Il semble qu'en fin de compte les 23 bleus de la dernière coupe du monde ne toucheront aucune prime, en renonçant à leurs droits à l'image tant pour la compétition en elle-même que pour les matchs de qualification. C'est tout à fait normal, pour deux raisons. D'abord d'un point de vue moral, vu qu'ils n'ont pas à être généreusement récompensés pour une prestation dans laquelle ils ont été pire que mauvais. Ensuite d'un point de vue économique : les droits à l'image sont la rémunération obtenue par les athlètes pour que les sponsors puissent se servir de leur image pour valoriser leur marque. En l'occurrence, l'image qu'ils ont donné a été si mauvaise qu'elle a pu dévaloriser celle des sponsors. Ceux-ci ont demandé réparation à la Fédération Française de Football, et ont obtenu des remboursements. Il était dès lors normal que la fédération ne souhaite pas verser quand même de l'argent qu'elle n'a plus à sa disposition.
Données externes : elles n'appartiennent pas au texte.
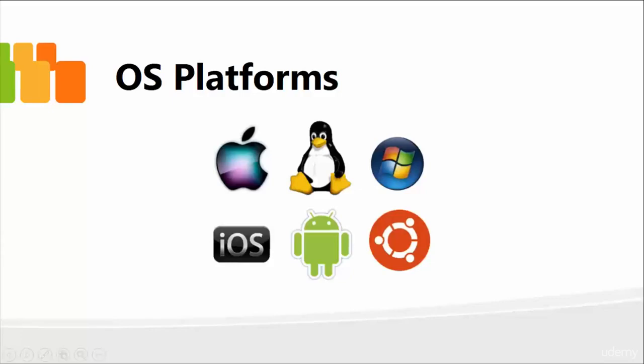In this lesson, moving forward, I'm going to talk about and also demonstrate different operating system platforms.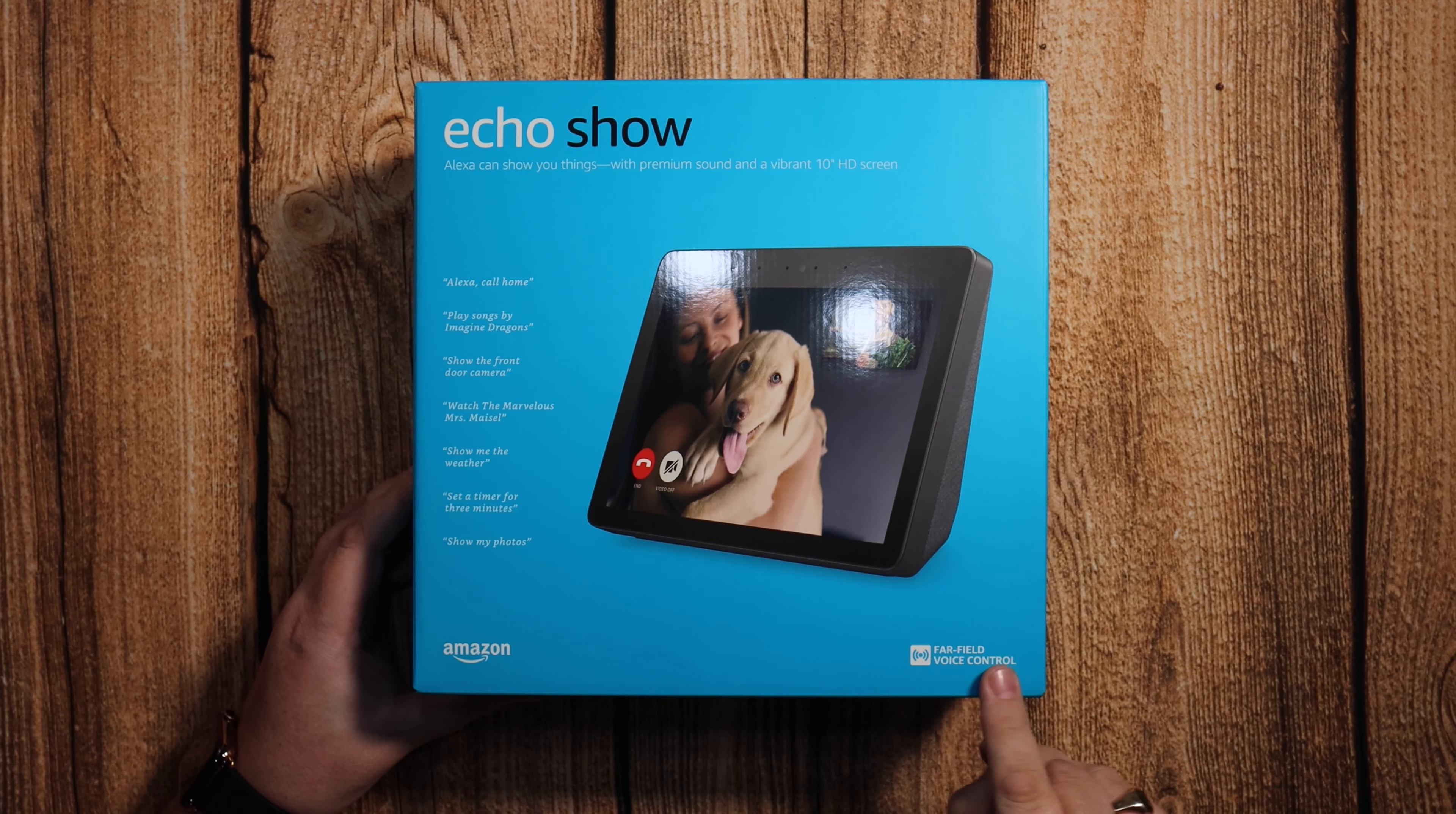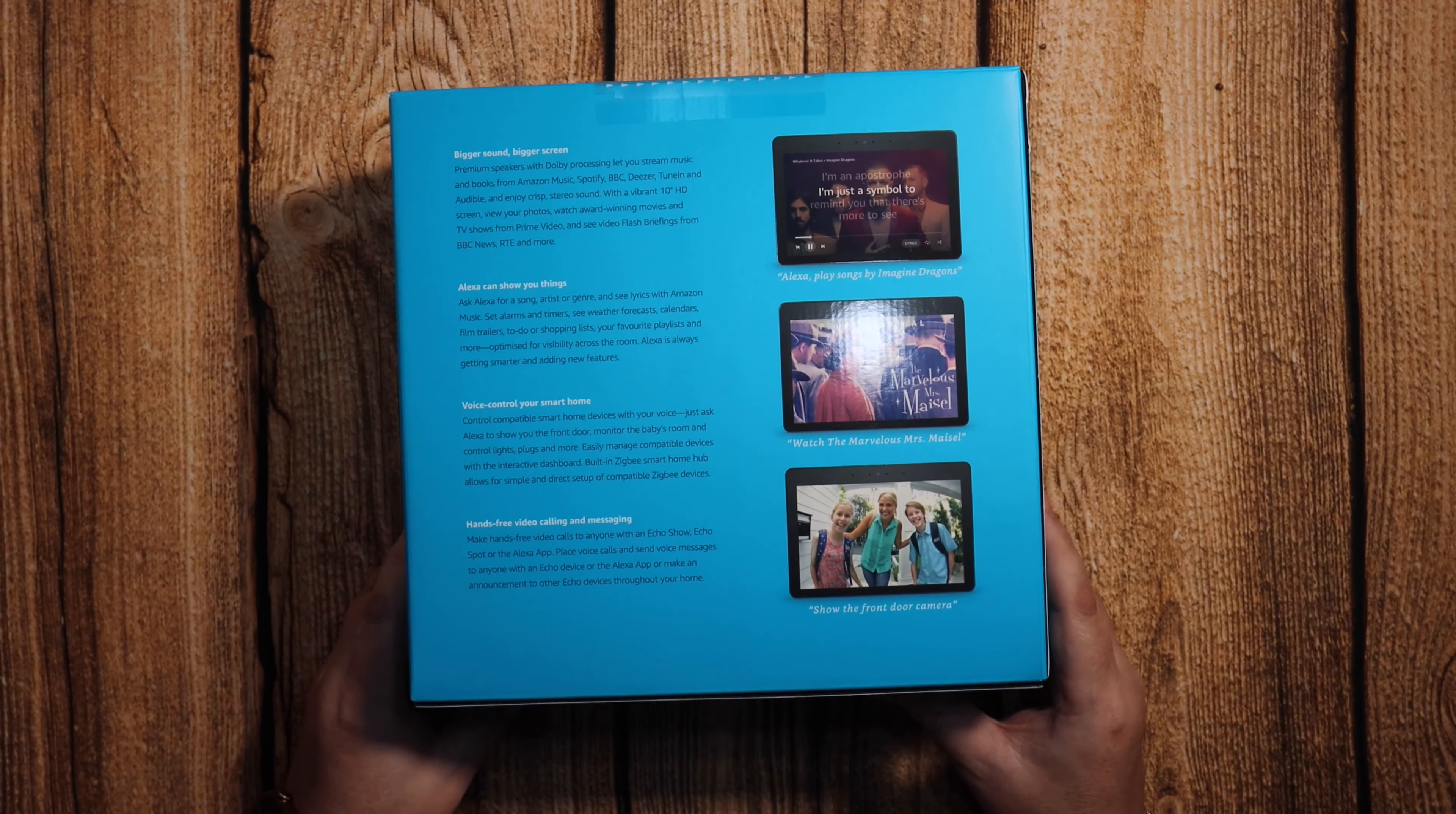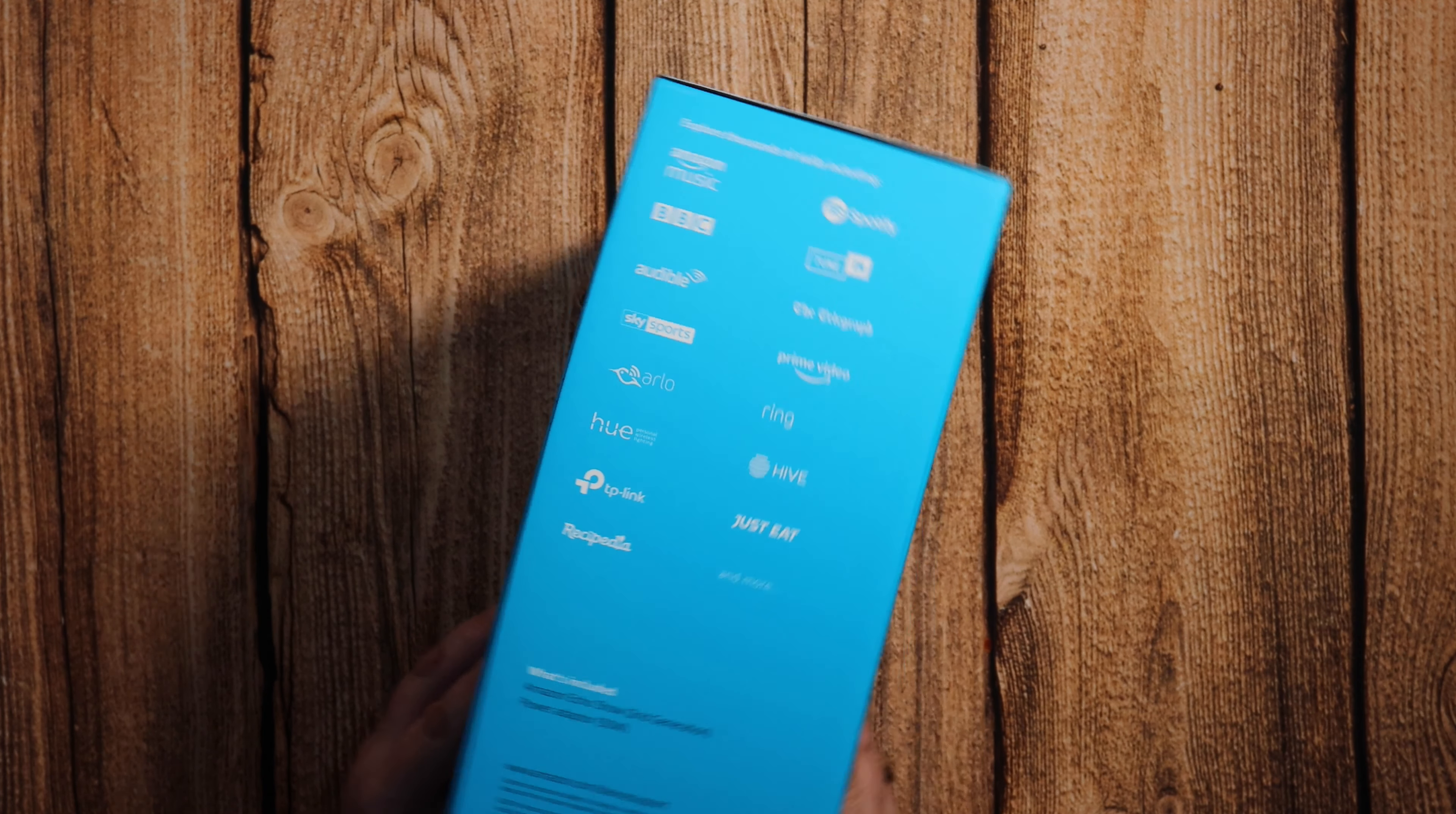So it's got all of the details on there. Far-field voice control so you can control it from anywhere in the room. It's got Dolby on it and you can do things like listen to music, watch YouTube videos, music videos, and you can access all of these different things as well.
L'équipe de France aurait quand même pu se passer de ses ultimes tergiversations. Lorsque Patrice Evra a annoncé qu'ils renonçaient à tout, cela n'aurait pas du aller plus loin. Le scandale n'était même pas qu'ils aient produit une mauvaise performance pendant les matchs. A l'instar de tous les sportifs, ou même de tous ceux qui font quelque chose, il arrive que cela ne fonctionne pas. Il est néanmoins préférable de mettre le maximum de chances de son côté, de travailler pour la réussite. Le terrain était déjà propice à la polémique, puisque le public avait le sentiment que ce n'était pas le cas, en maintenant un sélectionneur qui avait gravement échoué pendant l'Euro précédent, et avait obtenu la qualification de son équipe dans des conditions particulièrement douteuses.

Mais le psychodrame de Knysna était une pure folie. D'abord, les insultes proférées par un joueur envers l'autorité (en l'occurrence Raymond Domenech) n'ont pas été immédiatement sanctionnées. L'exemple est particulièrement terrible. Ensuite, la "grève" des autres joueurs dans le bus a été encore pire. En refusant de s'entraîner, ils ont définitivement montré qu'ils se moquaient de leurs performances, qu'ils n'avaient pas envie de se donner à fond. Et tout cela pour soutenir l'arrogance de leur camarade...

Cela a symbolisé d'une manière plus globale le sentiment de la part du public que le football, leur sport préféré, perd le sens des réalités et des exigences minimales. Les sommes d'argent dont il est question posent particulièrement problème. Les footballeurs sont extrêmement bien payés. Qu'elle en est la logique ? Normalement, cela se justifie car les footballeurs sont peu nombreux à faire tourner une industrie qui rapporte des dizaines de millions d'euros à chaque club. Il est donc logique qu'ils en reçoivent une part importante sous forme de rémunération. Mais en fin de compte, ce n'est pas vraiment le cas. Les salaires se justifient sur l'offre et la demande, où il y a une demande très forte pour quelques super stars seulement, réclamés par les supporters de plusieurs clubs. Les salaires de ceux-là explosent, sans que cela soit compensé par des revenus supplémentaires équivalents pour le club. Résultat, ils sont nombreux à être en déficits et à avoir toutes les peines du monde à équilibrer leurs comptes.

En France, le système est arrivé à une voie de garage : tous les clubs ont comme modèle économique de prospérer sur les transferts. Il consiste à former ou développer la valeur économique de joueurs pour pouvoir les revendre à des clubs étrangers (riches théoriquement, mais déficitaires eux-aussi) à bon prix. En conséquence, ils n'ambitionnent plus sérieusement de remporter les compétitions européennes. Les grands clubs européens, eux, sont dans une fuite en avant, en étant soutenus financièrement par des personnalités richissimes ou bien refusant de voir obstinément qu'un jour il faudra payer la facture. Et tout cet argent arrive dans la poche de footballeurs souvent jeunes, voire immatures, et dont certains perdent rapidement le sens des réalités. Il y a de quoi être circonspect. Qu'il y ait de l'argent dans le football n'est pas un problème en soi. Le fait que le modèle économique ne fonctionne pas et que les valeurs sportives soient oubliées en est un. Dans toute l'Europe, il doit y avoir davantage de fair play, non seulement sportif, mais aussi financier.